This section walks us through the key considerations that need to be taken into account when thinking about how to operate AKS after everything is provisioned and running. In this section we will cover the following topic:
- GitOps
- Upgrading Your Cluster
- Resource Management
- Scaling
- Cluster Scaling
- Application Scaling
- Daily Monitoring
- Logging
- Alerting
- Backup/DR
We will implement some of the topics throughout this lab where others we will talk about the different approaches you can use for day 2 Operations.
GitOps was popularized by the folks at Weaveworks, and the idea and fundamentals were based on their experience of running Kubernetes in production. GitOps takes the concepts of the software development life cycle and applies them to operations. With GitOps, yourGit repository becomes your source of truth, and your cluster is synchronized to the configured Git repository. For example, if you update a Kubernetes Deployment manifest, those configuration changes are automatically reflected in the cluster state.
By using this method, you can make it easier to maintain multiple clusters that are consistent and avoid configuration drift across the fleet.GitOps allows you to declaratively describe your clusters for multiple environments and drives to maintain that state for the cluster.The practice of GitOps can apply to both application delivery and operations, but in this chapter, we focus on using it to manage clusters and operational tooling.
Weaveworks Flux was one of the first tools to enable the GitOps approach, and it’s the tool we will use throughout the rest of the chapter. There are many new tools that have been released into the cloud-native ecosystem that are worth a look, such as Argo CD, from the folks at Intuit, which has also been widely adopted for the GitOps approach.

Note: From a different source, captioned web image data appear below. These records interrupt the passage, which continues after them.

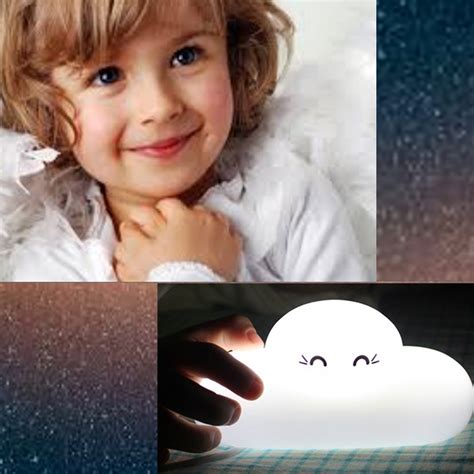 Amazon.com: Haolin LED Night Light Smiling Face White Cloud Night Lamp Kids Baby Childrens ...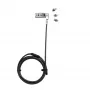 Candado de cable DICOTA D31717 negro 2 m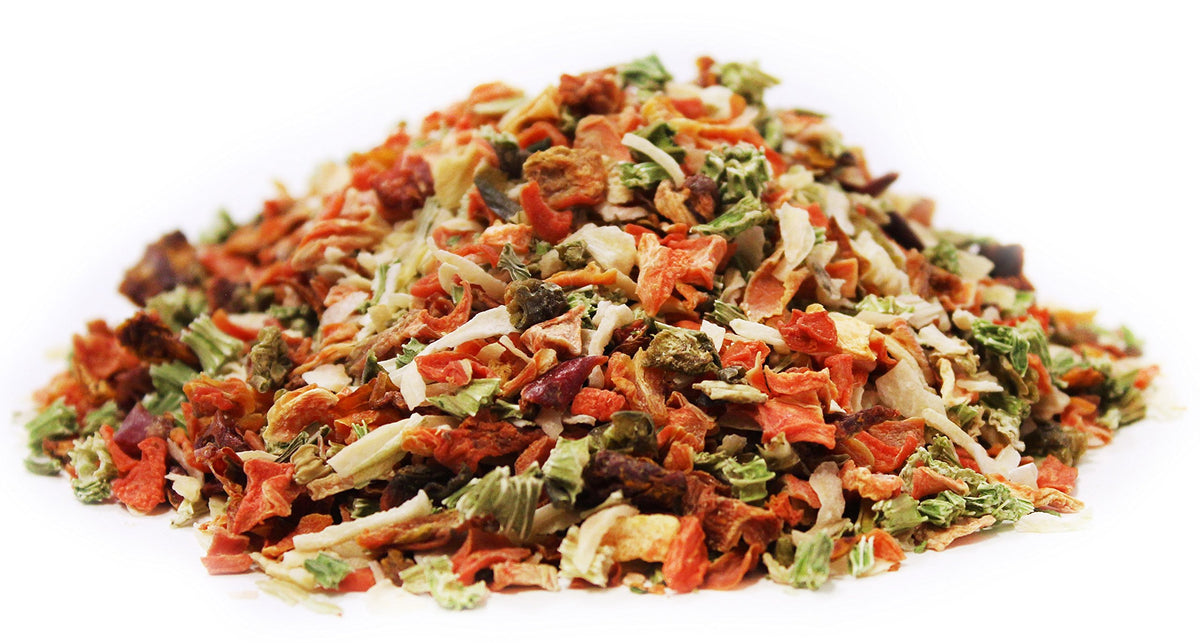 Its Delish veggie flakes for soups provide convenient base for quick meals.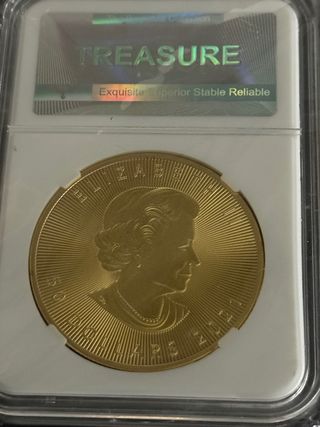 Moneda no  Oro Canadá Queen Elizabeth II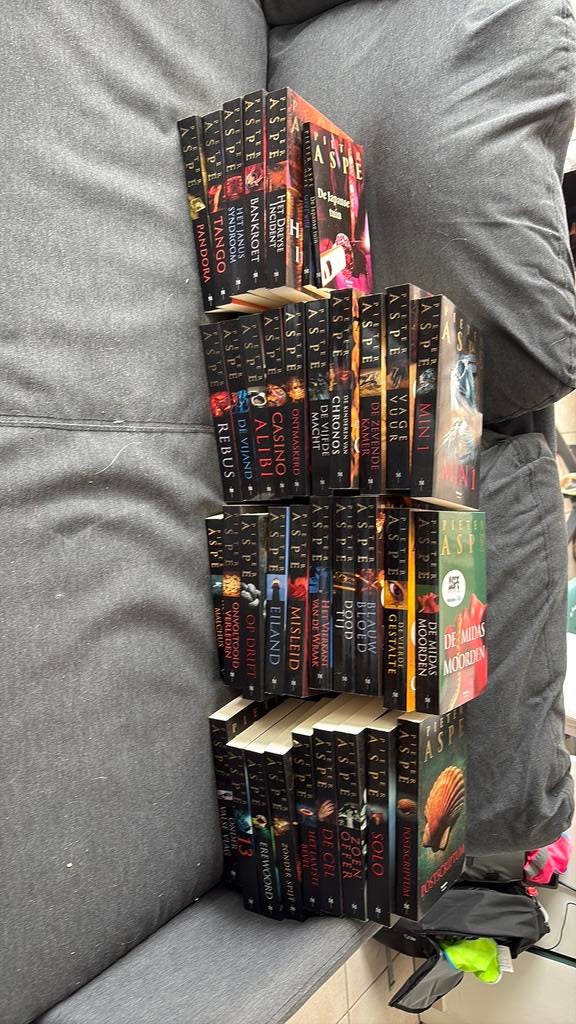 Boeken Pieter Aspa, Ophalen, Zo goed als nieuw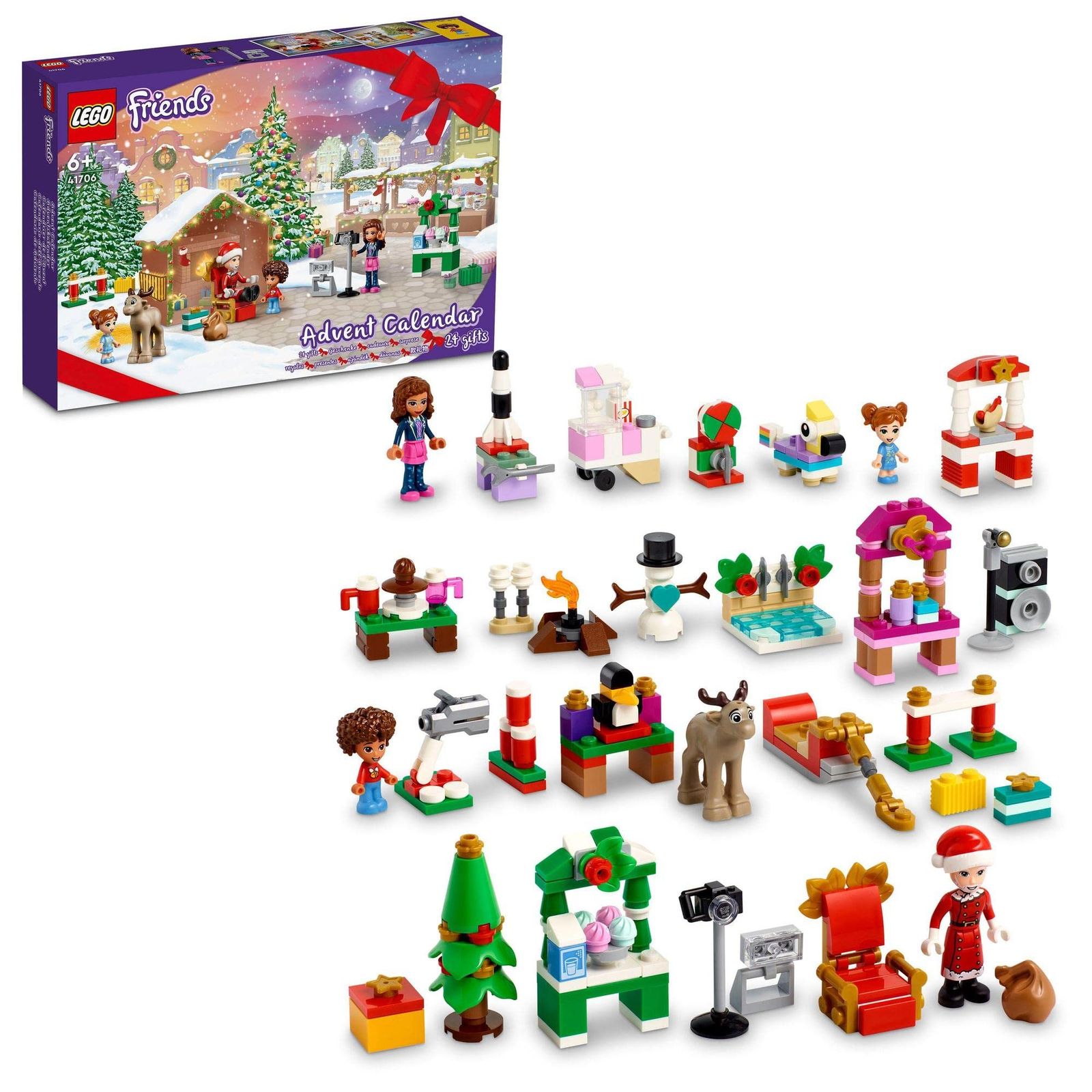 レゴ(LEGO) フレンズ レゴ(R)フレンズ アドベントカレンダー 41706 おもちゃ ブロック プレゼント 祝日 記念日 女の子 6歳以上 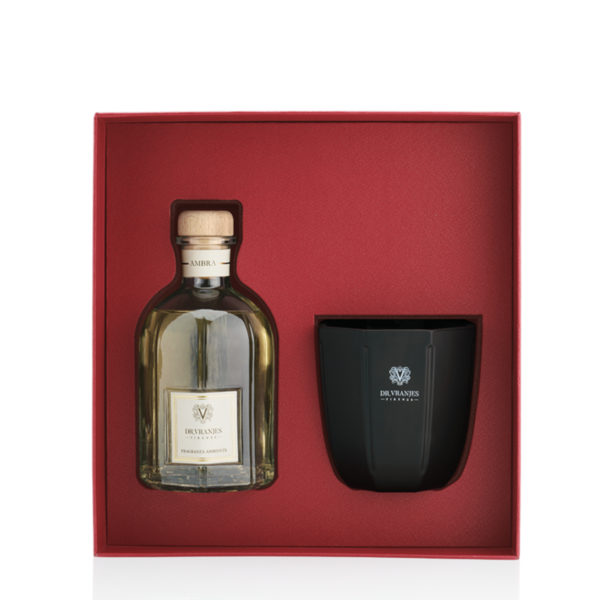 Gift Box 250 ml con bamboo + Candle Onice 200 gr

If you remember back in the Cluster Provisioning section we talked about how we used Flux to bootstrap components when we provisioned the cluster. To demonstrate how the cluster synchronizes with our git repo we will delete one of the namespaces and see how it automatically gets synchronized back to the state that is stored in Github.

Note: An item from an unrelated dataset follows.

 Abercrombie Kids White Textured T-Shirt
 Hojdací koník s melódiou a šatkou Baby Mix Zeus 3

First list the namespace to see which ones were configured from our git repo.
# First list the namespace to see which ones were configured from our git repo.
kubectl get ns
# Now we'll delete one of the namespaces.

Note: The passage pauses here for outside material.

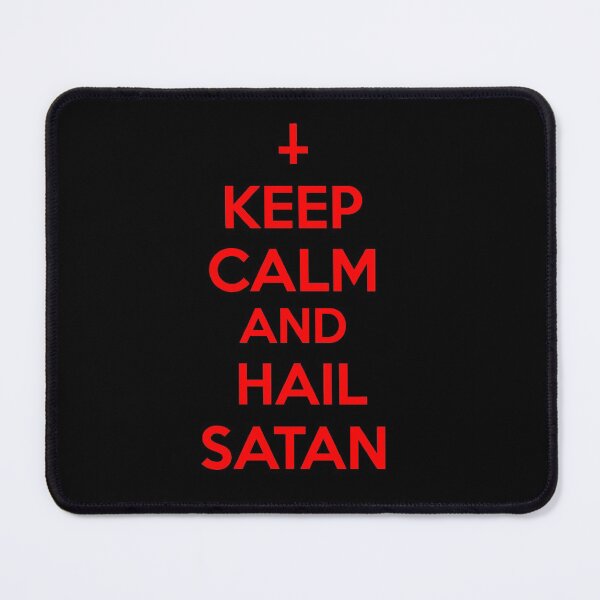 Item preview, Keep Calm And Hail Satan designed and sold by artpirate.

kubectl delete ns dummy-ns
# If you run the following command you'll see that the dummy-ns namespace is no longer listed.
kubectl get ns
# Now if you watch the namespace you will see it automatically appear after about 1 minutes (Sync time is configurable).
kubectl get ns -w
One of the important task of day 2 operations is resource management. Resource Management consists of maintaining adequate resources to serve your workloads. Kubernetes provides built-in mechanisms to provide both soft and hard limits on CPU and Memory. It's important to understand how these request and limits work as it will ensure you provide adequate resource utilization for your cluster.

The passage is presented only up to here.